Auf welche Leistungen sind Sie stolz?

Franz Schulz: Am meisten darauf, dass wir es geschafft haben, eine breite und vielfältige Bürgerbeteiligung zu installieren. Das ist nicht immer einfach und man holt sich viel Kritik ab. Aber die Möglichkeit der Mitsprache und das große Engagement der Bürger ist etwas, was Friedrichshain-Kreuzberg gegenüber anderen Bezirken auszeichnet.

Wichtig war auch, dass ich als erster bereits 2008 auf das Problem steigender Mieten und Verdrängung hingewiesen habe. Damals war das noch eine Einzelmeinung. Inzwischen spricht sich sogar Frau Merkel für eine Mietpreisbremse aus.

Bei bestimmten Vorhaben fallen mir vor allem der Park am Gleisdreieck und die Grünflächen am Friedrichshainer Spreeufer entlang der East Side Gallery ein. Am Spreeufer ist es mir gelungen in mühsamen Verhandlungen fast alle Grundstücke zu kaufen und den East Side- und Spreepark einzurichten. Nur bei den beiden, die in den vergangenen Monaten für so viele Schlagzeilen gesorgt haben, war ein Kauf nicht möglich.

Und wo sehen Sie Fehler und Misserfolge?

Franz Schulz: Auch an der East Side Gallery. Als die Bebauung der beiden Grundstücke im Herbst 2012 durch die Ablehnung von Tauschgrundstücken durch den Finanzsenator nicht mehr zu verhindern war und sich damals auch kein öffentlicher Protest artikulierte, sah ich meine Möglichkeiten am Ende. Ich habe mir nicht vorstellen können, dass das Herausbrechen eines Mauerstücks für so viel weltweite Aufmerksamkeit und Protest sorgt. Zumal immer klar war, dass für den Bau des Brommystegs die East Side Gallery geöffnet wird.

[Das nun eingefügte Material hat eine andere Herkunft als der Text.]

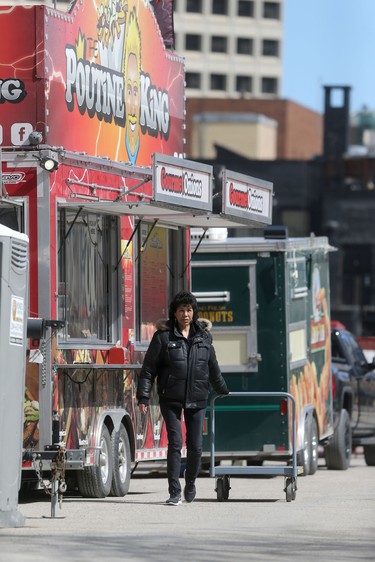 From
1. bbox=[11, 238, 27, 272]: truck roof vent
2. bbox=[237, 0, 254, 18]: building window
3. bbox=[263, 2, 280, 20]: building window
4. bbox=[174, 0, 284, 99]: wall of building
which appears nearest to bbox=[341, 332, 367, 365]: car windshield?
bbox=[11, 238, 27, 272]: truck roof vent

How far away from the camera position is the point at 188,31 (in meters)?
142

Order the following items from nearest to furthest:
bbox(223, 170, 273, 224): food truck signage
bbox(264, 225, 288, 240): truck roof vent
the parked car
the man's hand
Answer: bbox(223, 170, 273, 224): food truck signage < the man's hand < bbox(264, 225, 288, 240): truck roof vent < the parked car

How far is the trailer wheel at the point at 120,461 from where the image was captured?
1644 cm

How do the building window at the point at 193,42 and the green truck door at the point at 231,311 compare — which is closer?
the green truck door at the point at 231,311

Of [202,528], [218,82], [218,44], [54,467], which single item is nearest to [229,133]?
[218,44]

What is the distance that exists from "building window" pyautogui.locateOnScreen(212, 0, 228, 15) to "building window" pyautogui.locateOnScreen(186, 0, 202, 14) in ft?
4.14

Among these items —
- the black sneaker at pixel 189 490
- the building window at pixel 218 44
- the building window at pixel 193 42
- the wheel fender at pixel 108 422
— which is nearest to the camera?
the black sneaker at pixel 189 490

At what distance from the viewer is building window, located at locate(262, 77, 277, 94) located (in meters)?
146

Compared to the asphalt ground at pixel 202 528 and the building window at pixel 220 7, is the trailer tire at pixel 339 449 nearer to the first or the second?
the asphalt ground at pixel 202 528

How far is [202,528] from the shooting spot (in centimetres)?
1300

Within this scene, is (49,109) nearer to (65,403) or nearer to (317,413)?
(65,403)

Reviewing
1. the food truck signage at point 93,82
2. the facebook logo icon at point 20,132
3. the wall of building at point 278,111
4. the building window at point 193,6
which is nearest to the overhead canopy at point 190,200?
the food truck signage at point 93,82

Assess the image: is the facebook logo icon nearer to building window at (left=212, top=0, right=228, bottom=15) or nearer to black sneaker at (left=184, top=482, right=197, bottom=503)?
black sneaker at (left=184, top=482, right=197, bottom=503)

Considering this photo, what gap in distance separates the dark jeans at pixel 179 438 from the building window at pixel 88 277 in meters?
1.19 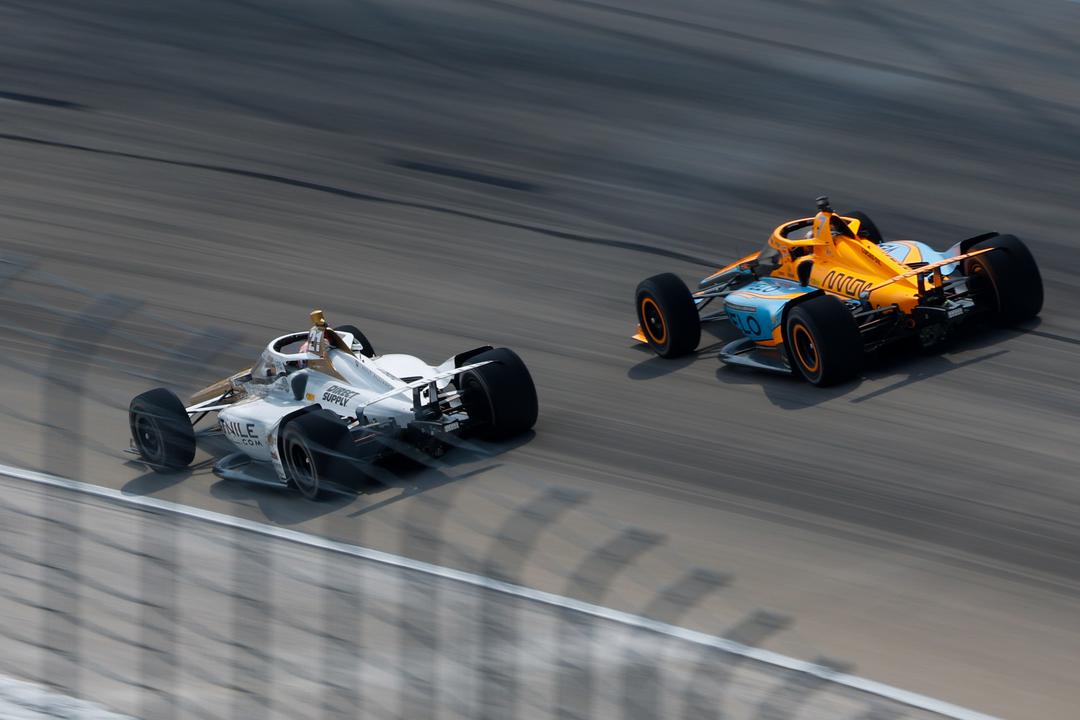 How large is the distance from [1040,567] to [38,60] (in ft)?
52.2

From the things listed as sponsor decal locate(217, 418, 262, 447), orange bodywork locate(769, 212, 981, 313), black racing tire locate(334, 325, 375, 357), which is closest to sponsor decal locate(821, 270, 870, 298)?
orange bodywork locate(769, 212, 981, 313)

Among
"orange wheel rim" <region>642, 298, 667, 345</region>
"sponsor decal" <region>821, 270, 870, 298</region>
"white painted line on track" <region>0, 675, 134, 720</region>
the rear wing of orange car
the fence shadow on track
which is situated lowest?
"orange wheel rim" <region>642, 298, 667, 345</region>

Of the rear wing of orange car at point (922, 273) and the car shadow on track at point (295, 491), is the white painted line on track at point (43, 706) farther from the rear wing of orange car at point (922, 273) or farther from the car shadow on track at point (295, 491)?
the rear wing of orange car at point (922, 273)

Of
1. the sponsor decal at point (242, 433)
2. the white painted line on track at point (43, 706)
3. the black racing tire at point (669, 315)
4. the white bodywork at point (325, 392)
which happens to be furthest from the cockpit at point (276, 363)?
the white painted line on track at point (43, 706)

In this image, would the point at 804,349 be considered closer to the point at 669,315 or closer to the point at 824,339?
the point at 824,339

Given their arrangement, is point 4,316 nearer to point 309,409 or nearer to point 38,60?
point 309,409

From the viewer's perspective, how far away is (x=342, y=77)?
62.7 ft

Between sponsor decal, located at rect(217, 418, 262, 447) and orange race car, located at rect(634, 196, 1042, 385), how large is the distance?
134 inches

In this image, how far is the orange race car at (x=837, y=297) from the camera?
10.8 metres

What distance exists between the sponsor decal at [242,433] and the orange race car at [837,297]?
342 cm

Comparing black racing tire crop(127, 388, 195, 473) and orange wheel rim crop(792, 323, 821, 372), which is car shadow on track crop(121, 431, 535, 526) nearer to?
black racing tire crop(127, 388, 195, 473)

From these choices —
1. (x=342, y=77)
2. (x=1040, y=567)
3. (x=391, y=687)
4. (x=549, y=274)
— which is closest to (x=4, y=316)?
(x=549, y=274)

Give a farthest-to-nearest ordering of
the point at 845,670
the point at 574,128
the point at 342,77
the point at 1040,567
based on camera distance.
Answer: the point at 342,77 → the point at 574,128 → the point at 1040,567 → the point at 845,670

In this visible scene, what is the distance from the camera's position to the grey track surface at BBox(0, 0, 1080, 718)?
8375 millimetres
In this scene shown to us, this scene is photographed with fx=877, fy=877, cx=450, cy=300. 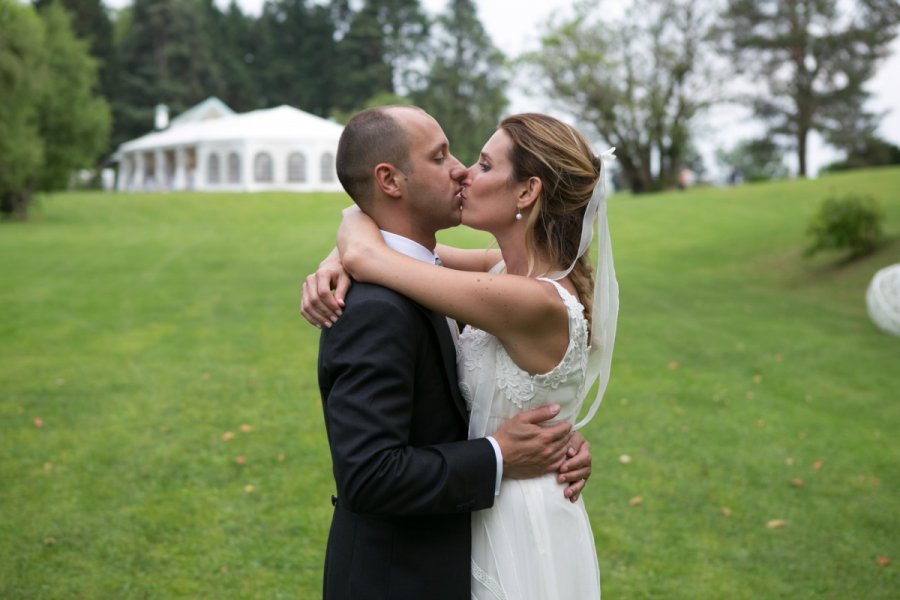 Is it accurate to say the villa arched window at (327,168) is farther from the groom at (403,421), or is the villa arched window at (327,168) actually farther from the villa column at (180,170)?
the groom at (403,421)

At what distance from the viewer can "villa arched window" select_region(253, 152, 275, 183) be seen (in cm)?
5412

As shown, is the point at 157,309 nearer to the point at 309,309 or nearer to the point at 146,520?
the point at 146,520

An welche schwierigen Situationen während Ihrer Amtszeit erinnern Sie sich?

Franz Schulz: Vor allem an solche, wo ich vom eigenen Vorgehen überzeugt war, gleichzeitig aber massiven Gegenwind bekam. Zum Beispiel bei den Auseinandersetzungen um das Gesundheitszentrum in der Bergmannstraße. Dagegen gab es starken Protest. Das zwingt einen dann schon zur selbstkritischen Analyse. Positiv erfahren habe ich, dass damals eine große Mehrheit in der BVV hinter mir stand. Und inzwischen haben sich die damaligen Befürchtungen in Luft aufgelöst.

Welche Menschen haben Sie besonders fasziniert? Und wer überhaupt nicht?

Franz Schulz: Hochachtung habe ich vor Bürgern, die sich über Jahre oder sogar Jahrzehnte für ihr Anliegen einsetzen. Etwa Norbert Rheinländer, der 30 Jahre für den Park auf dem Gleisdreieck-Gelände gekämpft hat und dabei ruhig und besonnen geblieben ist. Oder Klaus Trappmann, der Vorsitzende der Kleingärtner auf dem Gleisdreieck.

Vor allem unter Investoren von Bauvorhaben finden sich häufig unsympathische Zeitgenossen. Nach meiner Erfahrung sind rund 20 Prozent lediglich auf maximalen Gewinn aus und gesamtgesellschaftliche Interessen sind ihnen egal. Eine Verständigung war hier schwierig. Ebenso hoch ist aber auch der Anteil derer, die ganz bewusst Teil dieses Bezirks werden und sich engagieren wollen. Und bei etwa 60 Prozent ist es so, dass sie zwar vor allem ihren Profit im Auge haben, aber für Verhandlungen offen sind.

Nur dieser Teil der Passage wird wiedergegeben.